Raising the Alarm
Small-Town Resistance Helped to Seal Defeat
Friday, June 29, 2007
GAINESVILLE, Ga. -- Stephanie Usrey strode up to her local Wal-Mart store the other morning with the steely look of a boxer about to step into the ring.
A stay-at-home mother of two, Usrey has dreaded shopping at this particular branch ever since a Friday afternoon about five years ago, when she said she suddenly noticed she was the only non-Latino customer.
"That was the first time I looked around and said, 'Man, I didn't realize how many Mexicans there were here,' " Usrey, 39, recalled. "And they don't seem to feel any discomfort when they're, like, six inches from your face and talking to each other in their language, either. I just felt very encroached upon. . . . It was like an instant feeling of 'I'm in the minority, and if we don't get control over this, pretty soon all of America will be outnumbered.' "
That sense of alarm, echoed in communities across the nation, helped seal defeat for the Senate immigration bill Thursday. Fueled by talk-radio hosts and Web sites, Usrey and tens of thousands of other first-time activists bombarded their senators with phone calls and e-mails decrying the bill as an unacceptable amnesty for the nation's estimated 12 million illegal immigrants.

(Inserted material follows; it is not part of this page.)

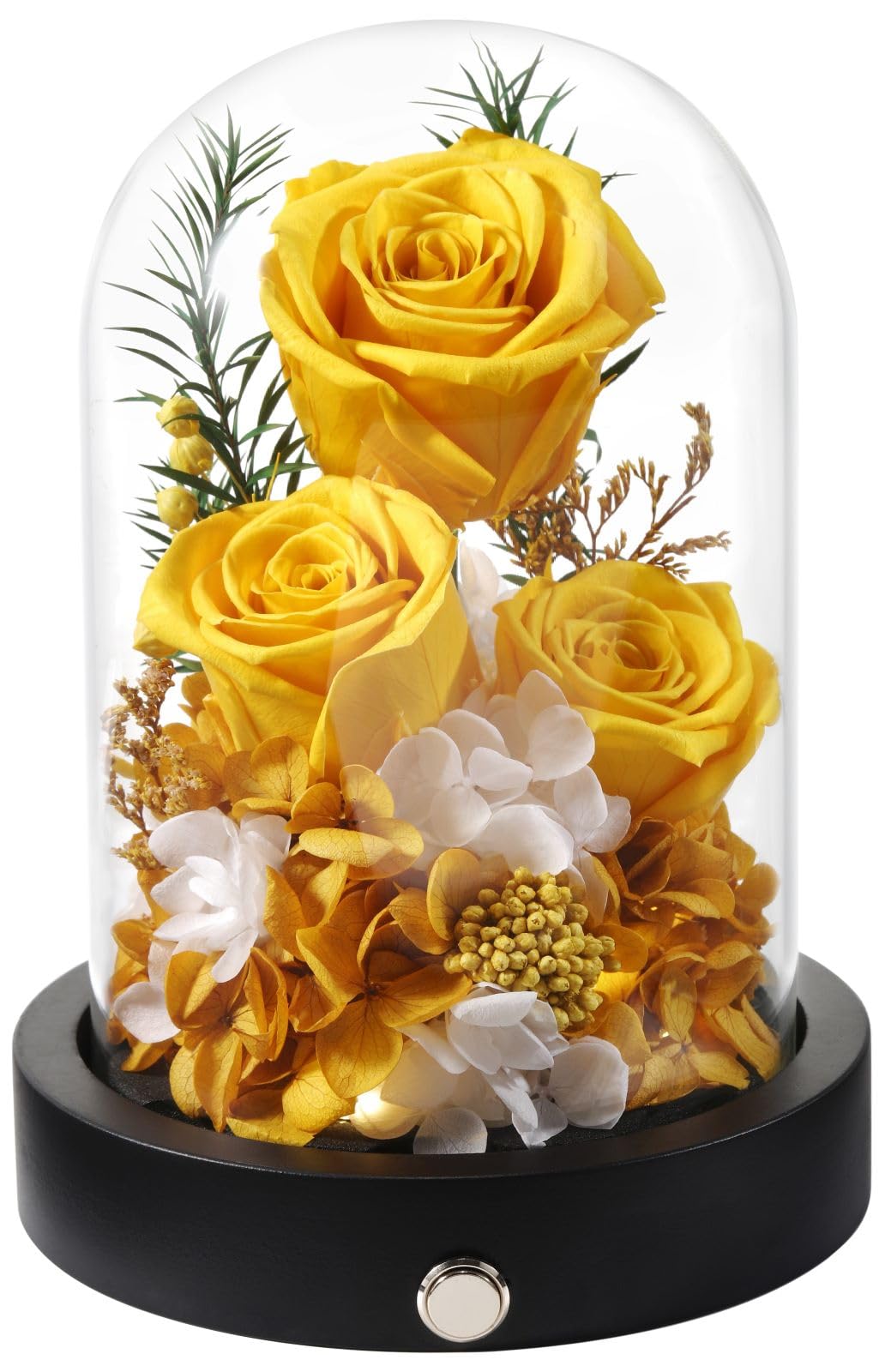 Pinnetetti Home Pinnetetti Preserved Roses Flowers in Glass Dome, Long-Lasting Real Yellow Forever Roses Flowers Anniversary Christmas Valentines Day Birthday for Her Women Mom Wife Girlfriend Home Decor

Nowhere were the bill's opponents more influential than here in Georgia, whose two Republican senators, Johnny Isakson and Saxby Chambliss, originally helped craft the legislation. Two days after its unveiling in May, Chambliss was booed at his state's Republican convention. Isakson's office received more than 21,000 calls from opponents of the bill, compared with 6,000 from supporters.
Thursday, both Georgia senators voted to kill the bill they once supported.
Analysts say the unprecedented passion over immigration is largely the result of the seismic shift in settlement patterns since the mid-1990s -- when the expanding economy prompted a surge of immigrants to bypass longtime gateway states such as California, New York and Texas, in favor of suburban and rural regions of the South and Midwest. Within a decade, the foreign-born population of 25 states doubled. In six other states with almost no prior experience of Latino immigration, including Georgia, the Latino population more than tripled.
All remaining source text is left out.